I have been trying Cloudera Search 1.0, and have a question about behavior of the GoLive feature of the batch indexing.
By following the tutorial, I have confirmed that the command in the section "Batch Indexing into Online Solr Servers Using GoLive Feature" successfully pushes 2106 documents into the solr servers.
However, when I re-invoked the same command again, the document count on the solr cluster was doubled (i.e. it shows 4212 documents). Each time I invoked the command, the documents in the solr server increased by 2106.
I have looked through some query results, and noticed that, the index contains duplicated documents with the same id (uniqueKey) and different _version_. I have expected that a document in the current index is overwritten by the one with the same uniqueKey in the newly pushed index. Is it possible to achieve this behavior by using GoLive feature?
Thank you for the reply.
I now understood that the behavior I saw is expected and unavoidable because it comes from the underlying mechanism of Lucene index merging.
I will check Solr NRT API and Flume NRT Indexing to see how I could make this product fit in my use case.
I have this same problem, in a batch use case.
I keep a Solr index that is built on data that comes, say, once per day.
However, some of the data may come and update existing data in the cluster, so updates (upserts) are necessary.
Doing a full reload of data (re-generation of the index) is not feasible, since each time the data to be indexed needs to be downloaded from an external system.
We tested the application locally and upserts were running fine - however when running it in cluster with MapReduceIndexerTool(MRIT), it just inserted duplicates on unique field.
I understand this thread is quite old.
Is there any new addition that makes this a possibility?
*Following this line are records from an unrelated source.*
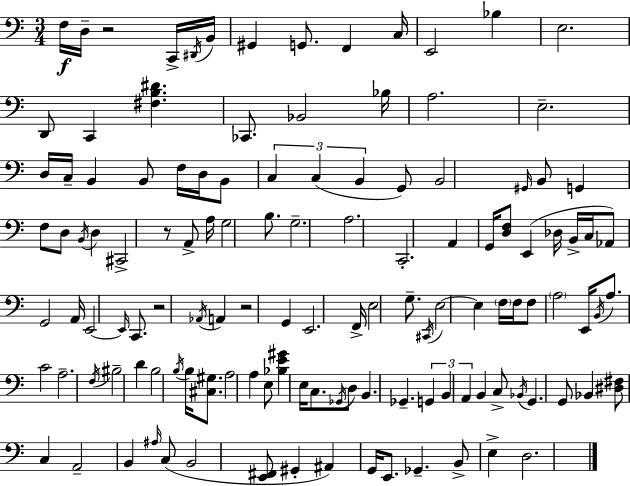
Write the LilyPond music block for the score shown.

{
  \clef bass
  \numericTimeSignature
  \time 3/4
  \key c \major
  \repeat volta 2 { f16\f d16-- r2 c,16-> \acciaccatura { dis,16 } | b,16 gis,4 g,8. f,4 | c16 e,2 bes4 | e2. | \break d,8 c,4 <fis b dis'>4. | ces,8. bes,2 | bes16 a2. | e2.-- | \break d16 c16-- b,4 b,8 f16 d16 b,8 | \tuplet 3/2 { c4 c4( b,4 } | g,8) b,2 \grace { gis,16 } | b,8 g,4 f8 d8 \acciaccatura { b,16 } d4 | \break cis,2-> r8 | a,8-> a16 g2 | b8. g2.-- | a2. | \break c,2.-. | a,4 g,16 <d f>8 e,4( | des16 b,16-> c16 aes,8) g,2 | a,16 e,2~~ | \break \grace { e,16 } c,8. r2 | \acciaccatura { aes,16 } a,4 r2 | g,4 e,2. | f,16-> e2 | \break g8.-- \acciaccatura { cis,16 } e2~~ | e4 \parenthesize f16 f16 f8 \parenthesize a2 | e,16 \acciaccatura { b,16 } a8. c'2 | a2.-- | \break \acciaccatura { f16 } bis2-- | d'4 b2 | \acciaccatura { b16 } b16 <cis gis>8. a2 | a4 e8 <bes e' gis'>4 | \break e16 c8. \acciaccatura { ges,16 } d8 b,4. | ges,4.-- \tuplet 3/2 { g,4 | b,4 a,4 } b,4 | c8-> \acciaccatura { bes,16 } g,4. g,8 | \break bes,4 <dis fis>8 c4 a,2-- | b,4 \grace { ais16 } | c8( b,2 <e, fis,>8 | gis,4-. ais,4) g,16 e,8. | \break ges,4.-- b,8-> e4-> | d2. | } \bar "|."
}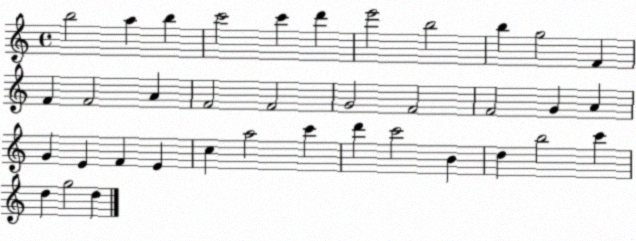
X:1
T:Untitled
M:4/4
L:1/4
K:C
b2 a b c'2 c' d' e'2 b2 b g2 F F F2 A F2 F2 G2 F2 F2 G A G E F E c a2 c' d' c'2 B d b2 c' d g2 d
It was suggested to use Solr NRT API. We don't have NRT necessities, though, so I guess this does not apply.
Is there an easy way to make this possible - and a resource to explain how to do it, and steps necessary?
Would a solution be to merge Solr indexes with the produced indexes by MRIT "by hand"? Something like this... but would it help with UPSERTing, or would it just keep the duplicates? Do we need to do anything special to remove duplicates, and to keep fresher version from a certain index?
Thanks a lot.